Weak economy feared to spill over into Q3
MANILA -Philippine gross domestic product (GDP) may contract again sequentially or quarter-on-quarter during the current July to September period, raising the prospect of “a modest technical recession” for the country, according to Pantheon Macroeconomics.
The United Kingdom-based group said in a commentary that the Philippine GDP report for the second quarter was “an utter disaster” considering that the readout of 4.3 percent was much slower than the 6 percent that forecasters expected.
Also in the second quarter, the domestic economy contracted 0.9 percent compared to the first quarter.
Pantheon Macroeconomics said the Philippine economy likely will continue to lose momentum following the second-quarter data.
“The main engine of the economy—private consumption—is buckling, suffering from three straight years of dissavings, the reversal of last year’s debt binge, and sub-par remittances growth,” the group said.
“Our base case is that the Philippines is undergoing a modest technical recession that should last until the third quarter, pulling full-year GDP growth down sharply to 4.5 percent from 7.6 percent in 2022,” it added.
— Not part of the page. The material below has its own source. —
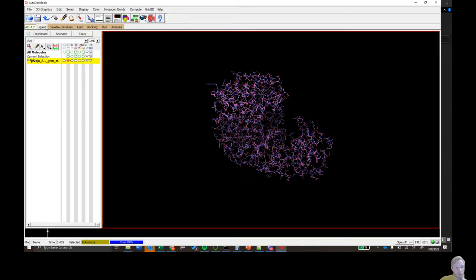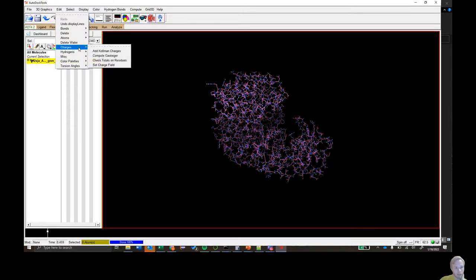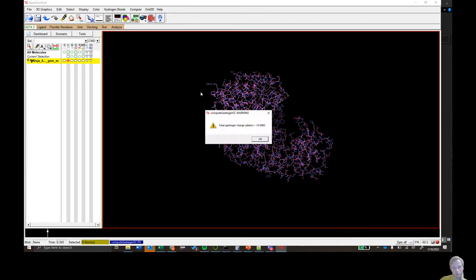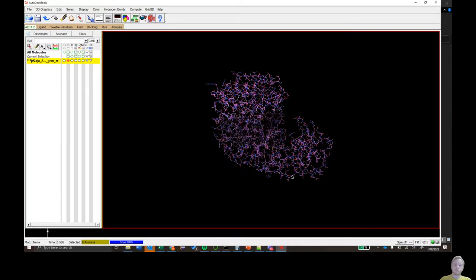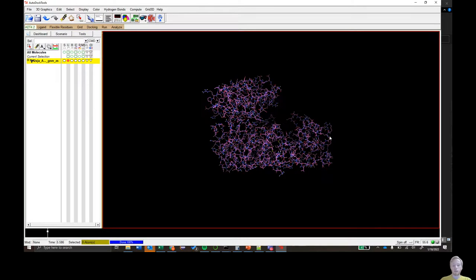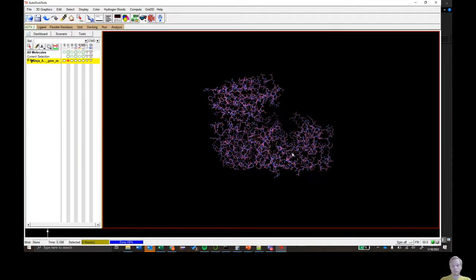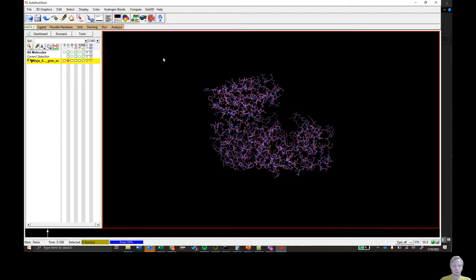Next, go to Edit, click Charges, and click 'Compute Gasteiger'. A number will pop up — it varies depending on your structure — and you just click OK. The reason we do this is that the software needs to know the charges of each atom to evaluate how well the drug binds. There are other charge methods you can use, but this is all you need to worry about for now.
This meant that Pantheon Macroeconomics expects another quarter-on-quarter contraction in unraveling during this quarter. But it also said the Philippines will emerge from the downtrend by the fourth quarter this year, when the group expects the Bangko Sentral ng Pilipinas to start reducing its policy rate from the current 6.25 percent.
Meanwhile, Finance Secretary Benjamin Diokno reiterated that the government’s full-year GDP growth target of 6 percent to 7 percent for 2023 remained attainable.
Diokno said that goal would be achieved through, first, the aggressive monetary policy tightening that started in May 2022 and brought the benchmark interest rate from a historic low of 2 percent— a cumulative increase of 4.25 percentage points.
The Marcos administration’s economic team believes that the impact of policy tightening is already being felt and would remain so through to next year. Diokno said lower inflation would boost private spending.
Second, he said the administration is implementing and monitoring measures to mitigate rising prices of food items.
These include filling the domestic supply gap through timely and adequate importation based on supply-demand analysis and forecasts; strengthening the implementation of biosecurity and hog repopulation programs; and implementing measures to address the impact of El Niño.